IPO momentum has maintained Japan’s attractiveness to investors, however. Globis has already notched two noteworthy IPOs this year, including human resources player Visional, which raised about $630 million on Mothers in April and now has a market capitalization around $2.8 billion. Globis is also an investor in media app SmartNews, which is currently valued at around $2 billion and exploring an IPO.
“Mercari basically shifted the ecosystem up a gear,” says Emre Yuasa, a director at Globis. “VCs are able to raise bigger funds, they can invest more capital into start-ups, and entrepreneurs are going for bigger outcomes. Nowadays, a $200-300 million IPO is considered small, and rather than going IPO at that size, start-ups are deciding to raise another round and go IPO at $1 billion. The whole ecosystem is now geared toward bigger exits.”
Such is the enthusiasm around IPOs, it has percolated into Japan’s sizeable corporate venture capital space, a logically M&A-dominated environment. As the corporate VC ecosystem has expanded, so too have the instances of start-ups straying from their original business models and finding a better product-market fit outside the domain of their sponsoring corporation.
Global Brain has corporate VC partnerships with the likes of Sony, Epson, Yamato Transport, Kirin, and JGC Group. As such, the VC has an unusually low IPO rate for Japan (only 25% of its total exits) and this ratio is expected to hold going forward. Nevertheless, public offerings are creeping conspicuously into the mix.
The firm’s standout exit this year is smart security camera company Safie, which completed a $100 million IPO last month and now has a market capitalization around $1.7 billion. Safie is notable for being one of the few digital hardware players to go public; Globis-backed smart lock maker Photosynth is another.
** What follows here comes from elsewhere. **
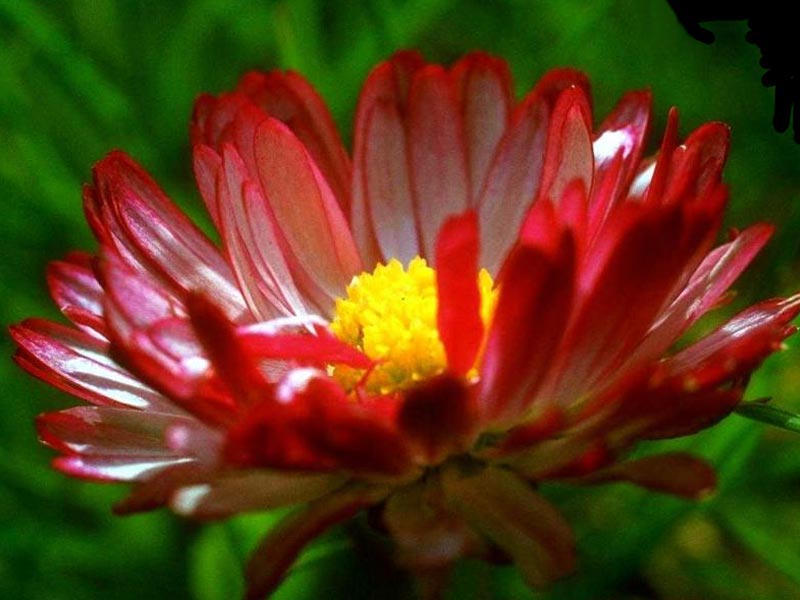  flowers flower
More significantly, it was the product of a corporate VC program with real estate giant Mitsui Fudosan ostensibly geared toward strategic absorption.
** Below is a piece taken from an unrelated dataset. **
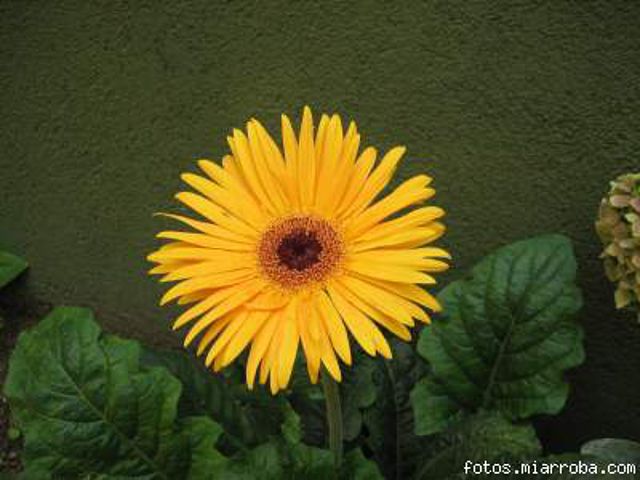 63847c73.jpg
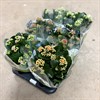 KALANCHOE 15 CM MIX 1X6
“We expect more IPOs from our funds, and we’re adding people to our investment group to handle that,” says Yuki Matsuo, a principal at Global Brain. “In our unique business model, which creates value through collaboration between start-ups and corporate VC owners, there will be more situations where corporate VCs will have wider options, including pursuit of economic return via more IPO exits such as Safie, as well as business synergies via M&A.”
Growing pains
The emergence of sizable IPOs and the accompanying attention of foreign investors has been so quick, however, that many of the systemic issues facing the ecosystem remain to be ironed out. Perhaps the most important of these is a tendency for inaccurate underwriting to result in shares popping post-IPO by 40% on average, versus 10-20% in most markets.
Indeed, this was the case for Visional, which jumped as much as 50% above its JPY5,000 listing price, which was the top of the indicative range. It was the biggest IPO on Mothers since SoftBank Group’s mobile phone unit went public in December 2018.
“That 40% appreciation is taken by investors who held the shares for only one day instead of the entrepreneurs who have been working on the company for 10 years and the VCs who have been working on it for 5-10 years,” says Globis’ Yuasa.
“They’re leaving money on the table because the underwriters are discounting the valuation of the companies too much. If the valuations are more accurate, there will be smaller pops, and if we see more institutional investors come in at or before the IPO, that will be a correction mechanism.”